Search this blog

14 August, 2008

Test-Driven-Development

  1. Test
  2. If it didn't compile, add some keywords
  3. Goto 1
This is what test driven development usually is in games. It's not that bad, we do (or should) prefer iteration and experimentation over any form of design. Yes, I know that unit tests are very useful for refactoring, and thus simplify some sorts of iteration, but still, it's not enough.
This doesn't mean that automated testing is not important, quite the contrary, you should have plenty of scripts to automate the game and gather statistics.
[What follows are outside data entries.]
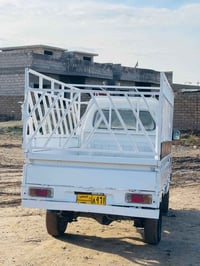 منفيس اصلي • محرك شرط • شاصي شرط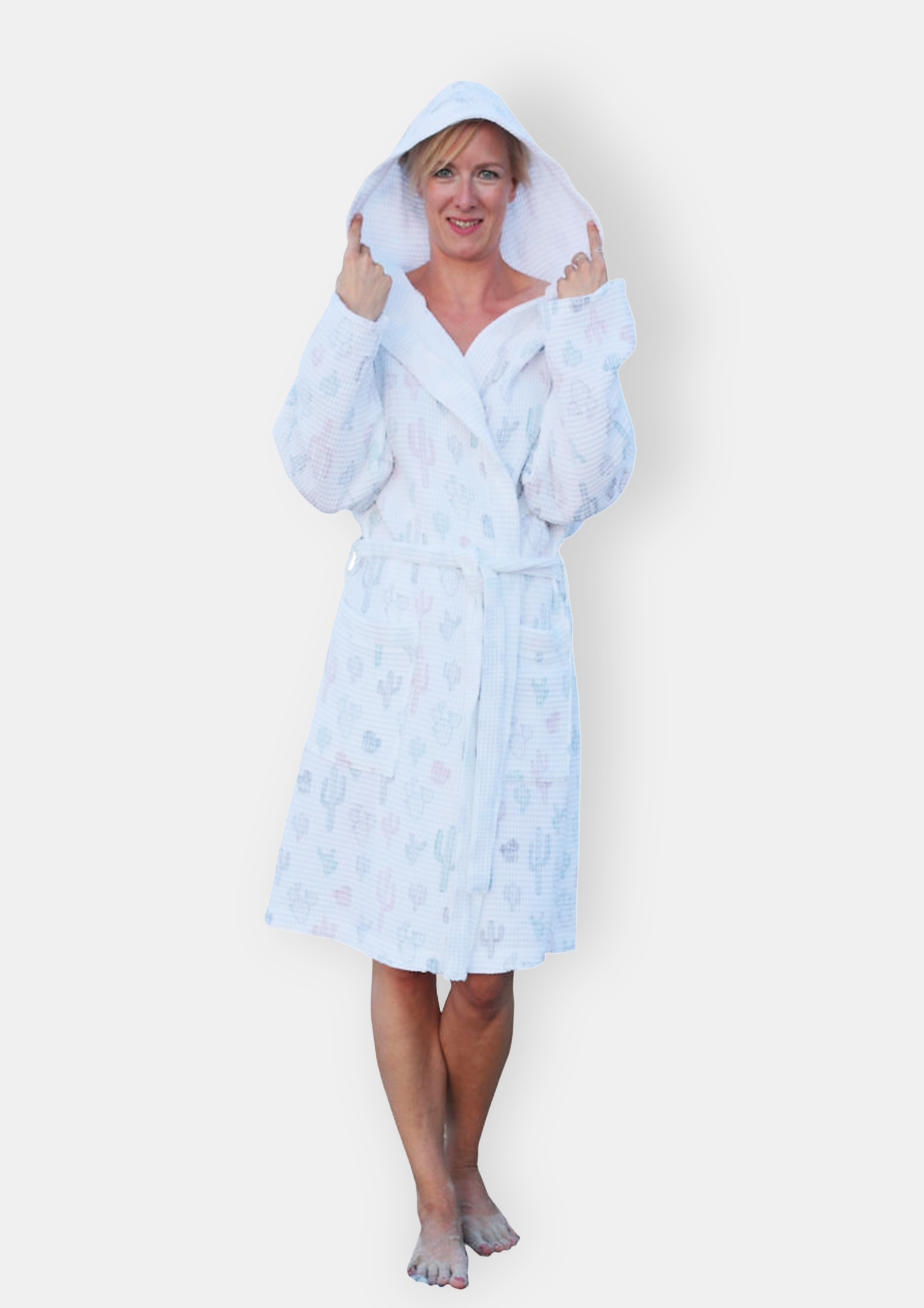 fadenk-fer-peignoir-femme-ebook-schnittmuster-damen-morgenmantel image 1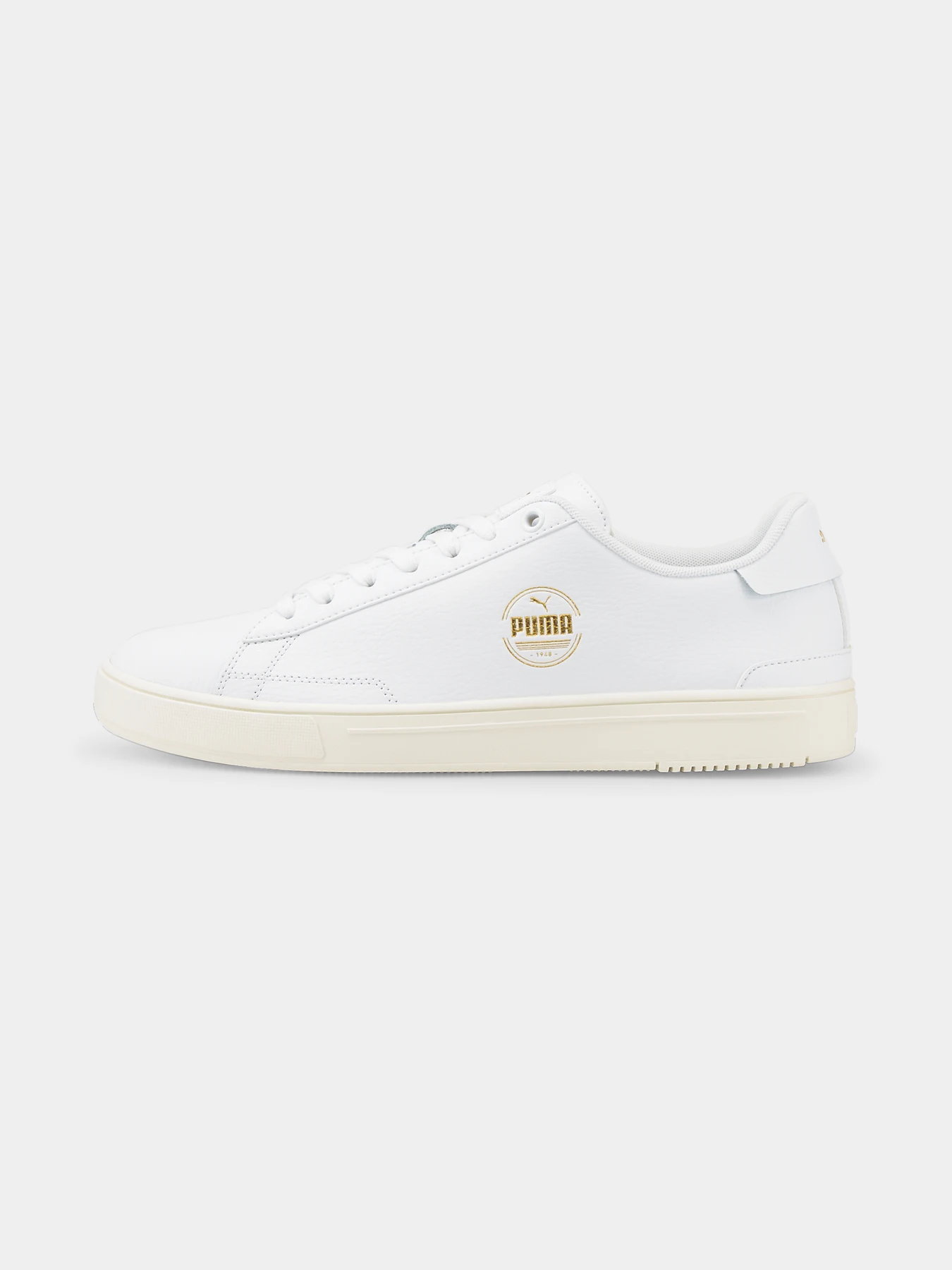 Кроссовки PUMA Serve Pro 1948 модель 383879 Кроссовки PUMA Serve Pro 1948 модель 383879 Фото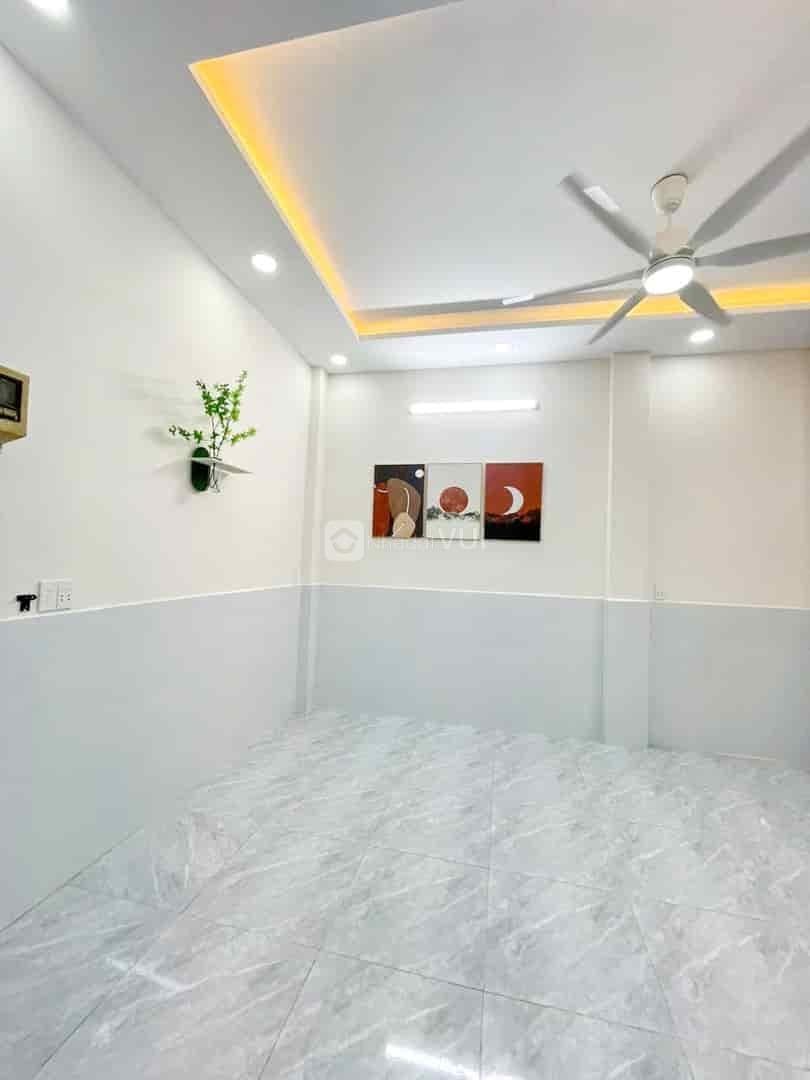 Bán nhà riêng Đ. Ba Đình, Q. 8, Tp. Hồ Chí Minh - Ảnh 2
But unit tests are good only for some shared libraries, I don't think they will be ever successful in this field.

I'm going to leave for Italy, dunno if I'll have time to post other articles, there's stuff from Siggraph that is worth posting, I have a nice code optimization tutorial to post, the "normals without normals" technique plus a few other code snippets. Probably those things have to wait until mid-September, when I'll be back from holidays...

12 August, 2008

Ribbons are the new cubes!

Are you making a demo? Don't forget your splines, they are the cool thing now...
Lifeforce
Nematomorpha
The Seeker
Atrium
Scarecrow
Invoke

The "progressively appearing" geometry trick is also commonly used to draw them:
Route 1066
Falling down
Media error
Tactical battle loop

Cubes seems to be cool only if you instance a crazy number of them now:
Debris
Momentum

Another cool trend: 2d metaballs
Nucleophile
Incognito (near the end, this one features ribbons too)

But plain old spheres are not forgotten too
Kindercrasher

Plain old particle systems are out...

10 August, 2008

Small update

I've finished reading the Larrabee paper, linked in the realtimerendering blog. Very nice, intresting in general, even if you're not doing rendering... And it has a few very nice references too.

It seems that my old Pentium UV pipes cycle-counting abilities will be useful again... yeah!

I'm wondering how it can succeed commercially... It's so different from a GPU that it will require a custom rendering path in you application to be used properly, wonder how many will do that as nothing that you can do on Larrabee is replicable on other GPUs... Maybe, if its price is in the rage of standard GPUs and its speed with DirectX (or a similar API) is comparable... or if they manage to include it in a consolle. Anyway, it's exciting, and a little bit scarying too. We'll see.

I've also found a nice, old article about Xenos (the 360 Gpu) that could be an intresting read if you don't have access to the 360 sdk.

Warning: another anti-C++ rant follows (I've warned you, don't complain if you don't like what you read or if you find it boring...)

Last but not least, I've been watching to a nice presentation by Stroustrup that he gave at university of Waterloo, on C++0x, it's not new but it's very intresting. It shows again how C++ is at an evolutionary end.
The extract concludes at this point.